**What you should do:** Only an exact repeat of the listing, without its images, counts as the answer.

**Provided data:**
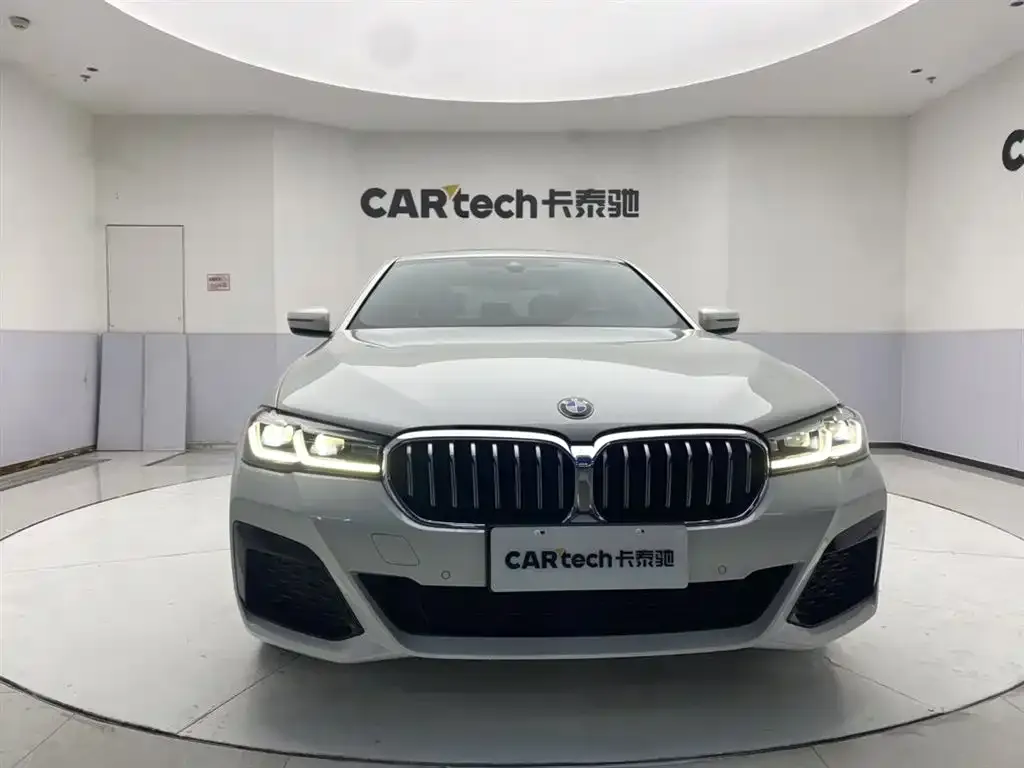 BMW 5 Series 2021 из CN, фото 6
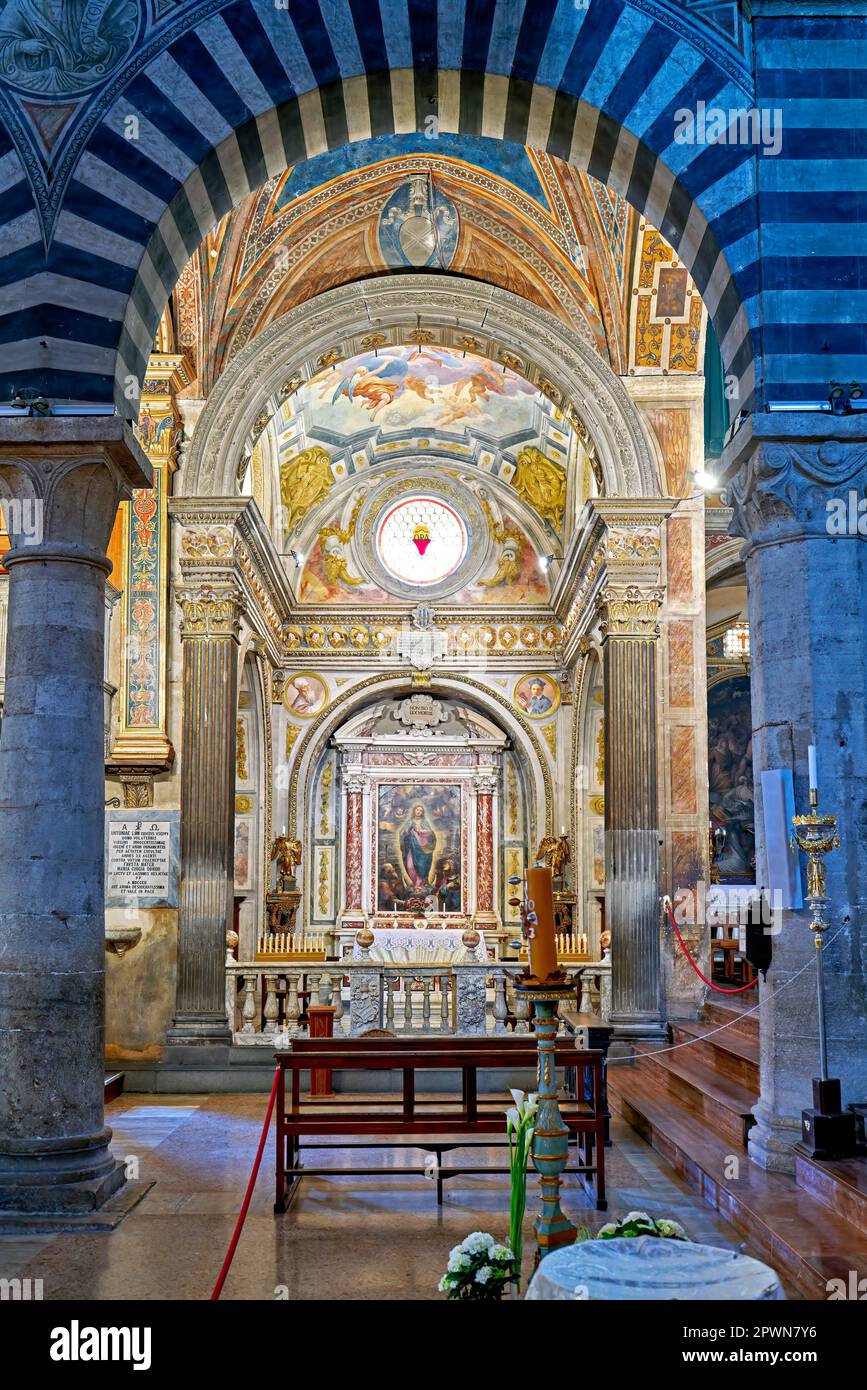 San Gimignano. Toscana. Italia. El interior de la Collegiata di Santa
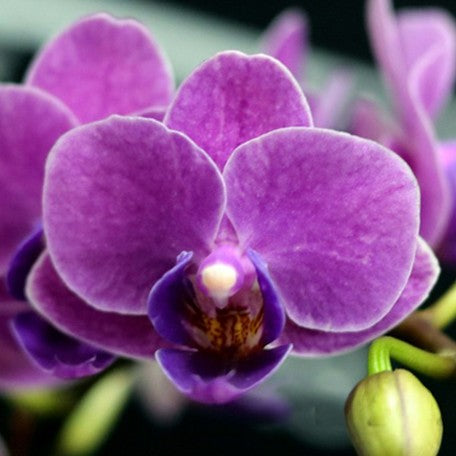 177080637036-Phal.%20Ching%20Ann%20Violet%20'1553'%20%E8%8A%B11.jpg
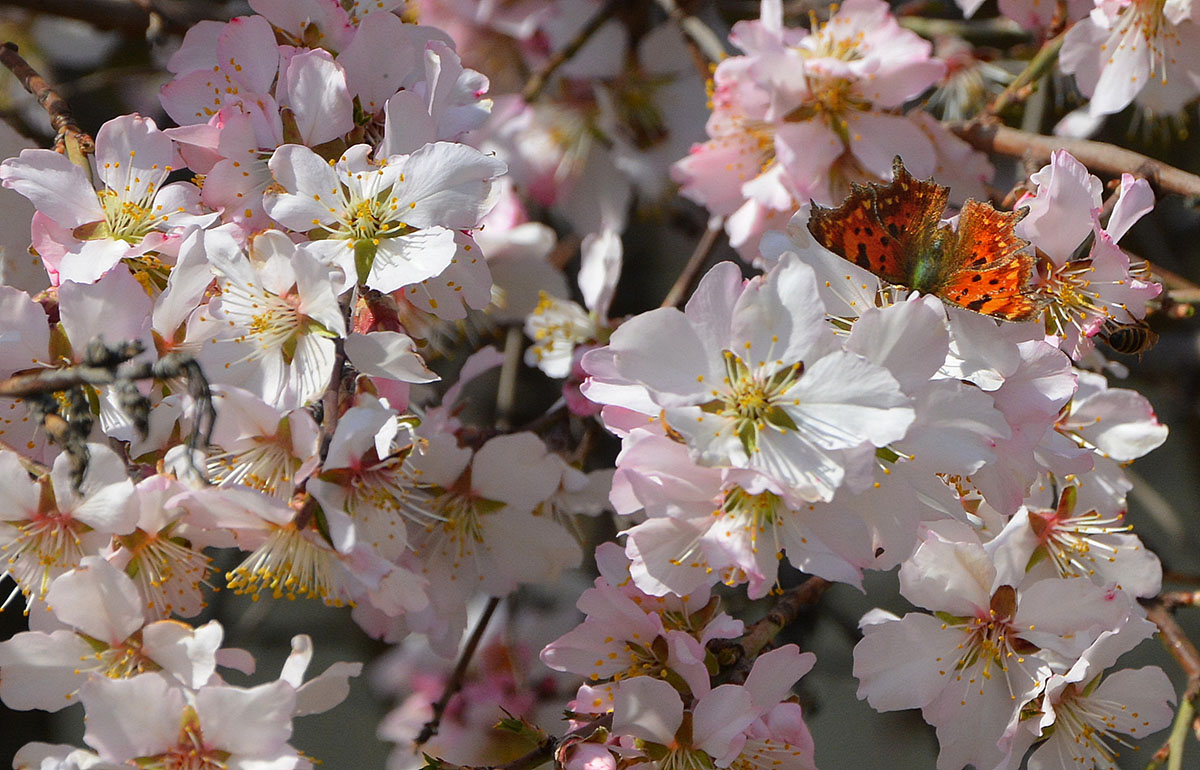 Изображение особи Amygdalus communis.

**Exercise output:**
 BMW 5 Series 2021 из CN, фото 6
 San Gimignano. Toscana. Italia. El interior de la Collegiata di Santa
 177080637036-Phal.%20Ching%20Ann%20Violet%20'1553'%20%E8%8A%B11.jpg
 Изображение особи Amygdalus communis.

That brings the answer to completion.